Wir wissen, dass ein Gefühl von Selbstbeherrschung sehr wichtig für Glücklichkeit und Wohlbefinden im Alltag ist (15). Wahrscheinlich deshalb, da Selbstbeherrschung motivationale Konflikte reduziert. In anderen Worten: Man muss weniger mit sich selbst streiten und verhandeln.

In einer Studie bei Individuen, die regelmäßig trainieren, wurde festgestellt, dass die Eigenschaft zur Selbstbeherrschung der vermittelnde Faktor zwischen Motivation für das Training und subjektivem Wohlbefinden ist (16). Die intrinsische Motivation für das Training ist positiv mit dem subjektiven Wohlbefinden verbunden. Extrinsische (von außen kontrollierte) Motivation zum Training und keine Motivation zum Training waren beide negativ mit dem subjektiven Wohlbefinden verbunden.

Das bedeutet, damit ein Trainingsprogramm motivierender wirkt, scheint es wichtig, dass eine Person so gut es geht ein Gefühl der Kontrolle über ihr eigenes Training hat. Das kann als Trainer etwa bedeuten, autoregulative Methoden anzuwenden (17) bzw. nur bestimmte Parameter vorzuschreiben.
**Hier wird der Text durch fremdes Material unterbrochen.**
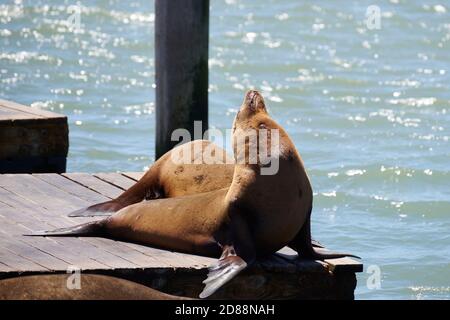 Sea Lions, Pier 39, San Francisco, Kalifornien Stockfoto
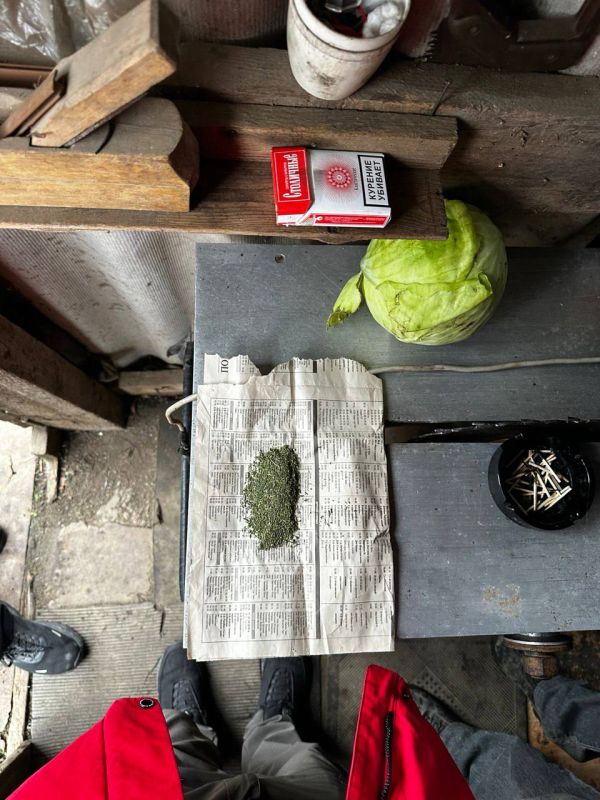 ������������������ ������ ����������� ������� ������� ������� ����������� �������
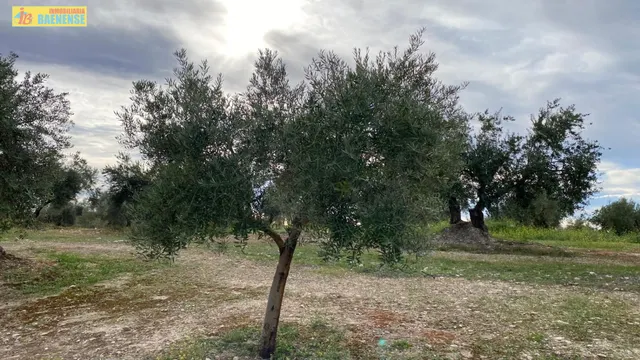 Olivar en buena ubicación — 3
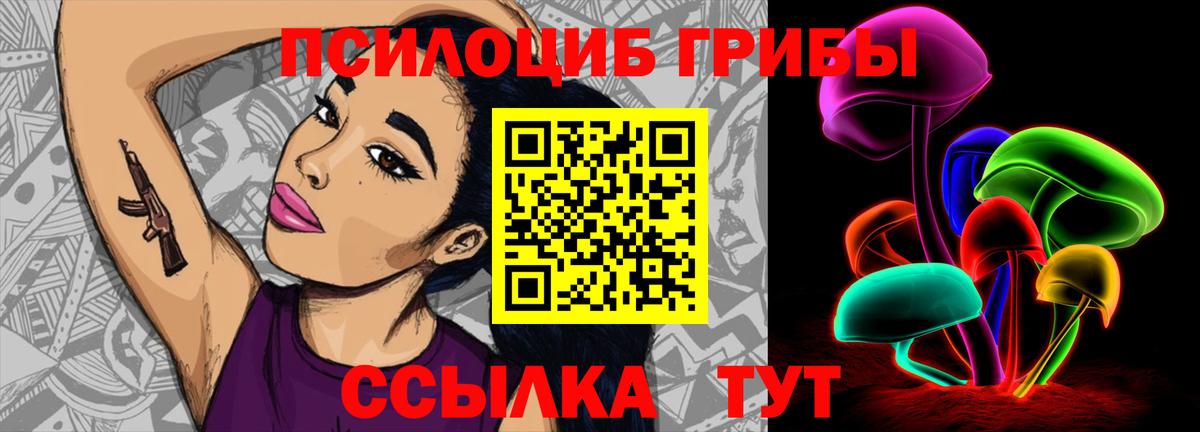 Галлюциногенные грибы прущие грибы Коряжма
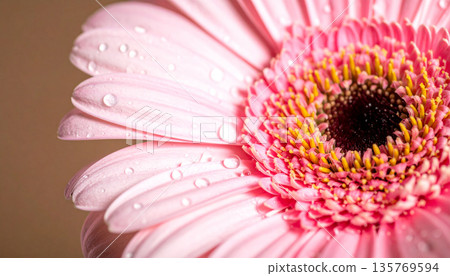 Pink Gerbera Flower with Water Droplets 135769594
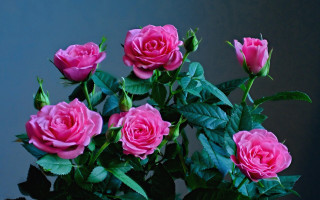 Pink roses vase leaves dark - pink rose free wallpaper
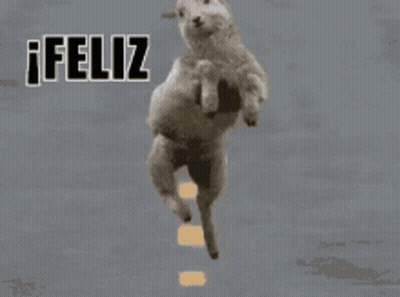 Sheep Jumping Feliz Inicio De Mes GIF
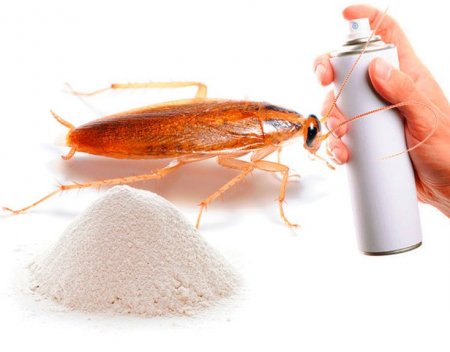 Как эффективнее всего травить тараканов?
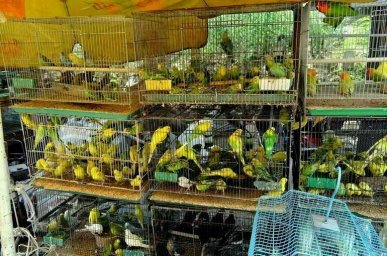 Кабмин установит требования к местам продажи животных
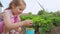 Little cute girl harvesting strawberries in the backyard of the house.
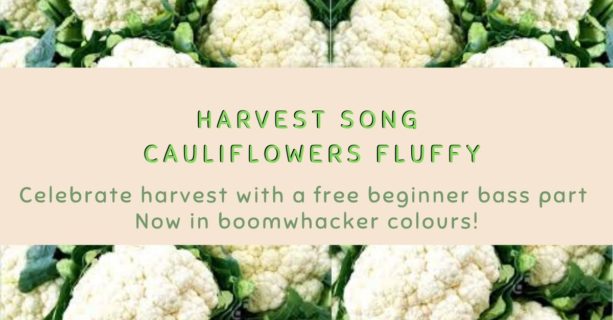 Cauliflowers Fluffy Didsbury Piano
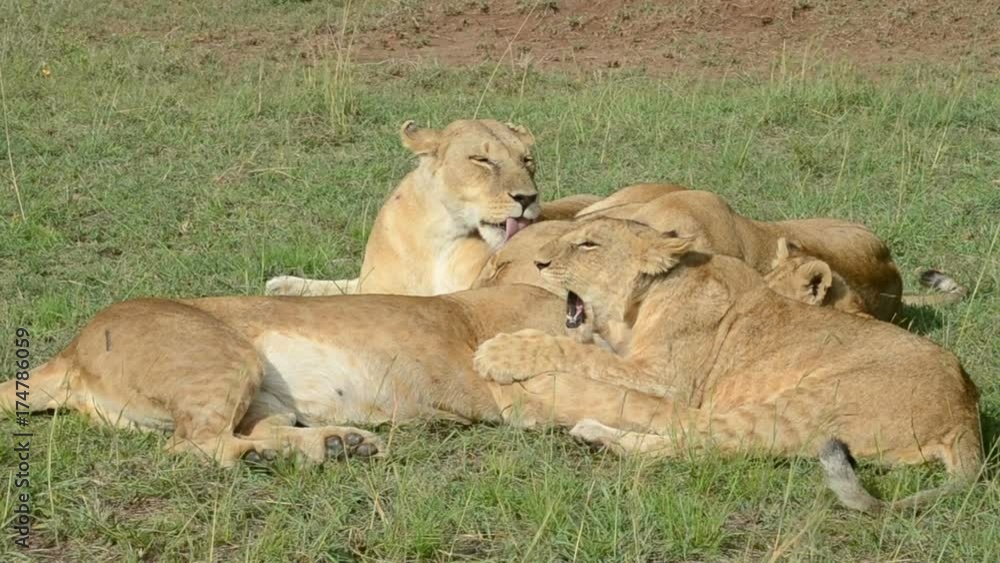 Lionesses and cubs relaxing and grooming each other Lionesses and cubs relaxing and grooming each other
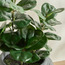 Slate Fiddle Leaf Tree in Pot - 54 cm-household-gardenandoutdoor-artificialplants-pottedplants-image-2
Das bedeutet, ein Trainer sollte einem Kunden nur so viele Vorschriften wie nötig machen – und nicht mehr. Der Kunde muss letztendlich dazu bereit sein, harte Arbeit in sein Training reinzustecken. Eine objektiv suboptimale Trainingsplanung kann deshalb sogar besser funktionieren, solange sie sicherstellt, dass eine Person mit ausreichendem Trainingsvolumen trainiert.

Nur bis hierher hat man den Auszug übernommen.